Mit dem angefochtenen Beschluss gab das Oberlandesgericht Wien der Beschwerde (ON 385) des DI Konstantin M***** gegen den Beschluss des Landesgerichts für Strafsachen Wien vom 4. September 2008 auf Fortsetzung der am 21. Mai 2008 verhängten Untersuchungshaft (ON 360, 384) nicht Folge und ordnete seinerseits die Fortsetzung der bedingt obligatorischen Untersuchungshaft (§ 173 Abs 6 StPO) „aus den Haftgründen der Flucht- und Tatbegehungsgefahr (§ 173 Abs 2 Z 1, 3 lit a und b StPO)" an (ON 387).

In diesem Beschluss ging das Oberlandesgericht, was die Sachverhaltsgrundlage des rechtlich als Verbrechen des Mordes nach §§ 15,12 zweiter Fall, 75 StGB beurteilten dringenden Tatverdachts betrifft, zusammengefasst davon aus, dass DI Konstantin M***** den bereits rechtskräftig unter anderem wegen verbrecherischen Komplotts nach § 277 Abs 1 StGB verurteilten Valentyn M***** „angestiftet habe, einen Mord ausführen zu lassen", der daraufhin Vitalij I***** bestimmt habe, welcher seinerseits wiederum eine weitere Person, die sich als Vertrauensperson an die österreichischen Sicherheitsbehörden gewandt habe, beauftragt und bereits bezahlt habe, Johann R***** zu ermorden. Die dafür entscheidenden Erwägungen leitete das Beschwerdegericht über die Betrachtung der einzelnen Beweismittel hinaus maßgebend auch aus deren Zusammenhang ab.

Rechtliche Beurteilung

In der gegen diese Entscheidung erhobenen Grundrechtsbeschwerde wird zunächst vorgebracht, das Oberlandesgericht habe unbeachtet gelassen, dass die Verhaftung des DI Konstantin M***** in der Ukraine bereits am 11. Februar 2008 erfolgt sei und „somit er seit diesem Zeitraum sich in anrechenbarer Haft" befinde.
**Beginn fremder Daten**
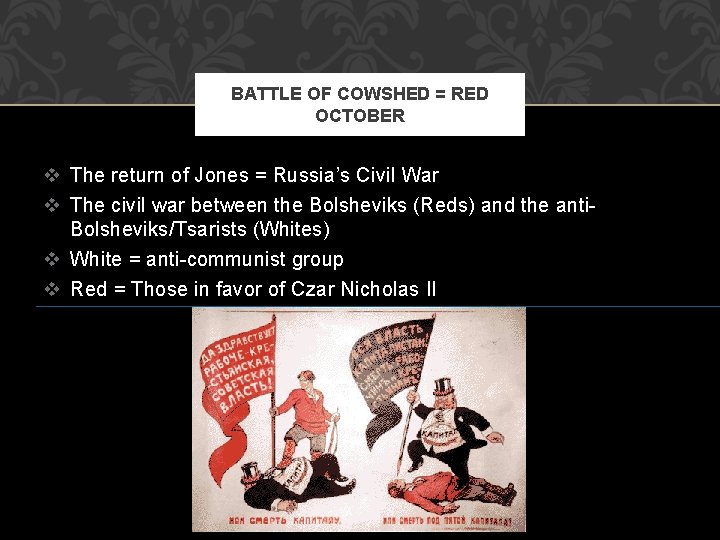 BATTLE OF COWSHED = RED OCTOBER v The return of Jones = Russia’s Civil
Insoweit fehlt es an der nach § 1 Abs 1 GRBG erforderlichen Ausschöpfung des Instanzenzuges, denn in der Haftbeschwerde wurde ein entsprechender Einwand gar nicht erhoben (RIS-Justiz RS0114487). Sollte sich die vorgetragene Auffassung - was in der Grundrechtsbeschwerde allerdings undeutlich bleibt (s dagegen § 3 Abs 1 GRBG) - auf die Sechsmonatsfrist des § 178 Abs 2 StPO beziehen, ist sie im Übrigen unzutreffend (Kirchbacher/Rami, WK-StPO § 194 aF Rz 2 mwN; Untersuchungshaft vom 11. bis zum 23. Dezember 2004 und seit 21. Mai 2008).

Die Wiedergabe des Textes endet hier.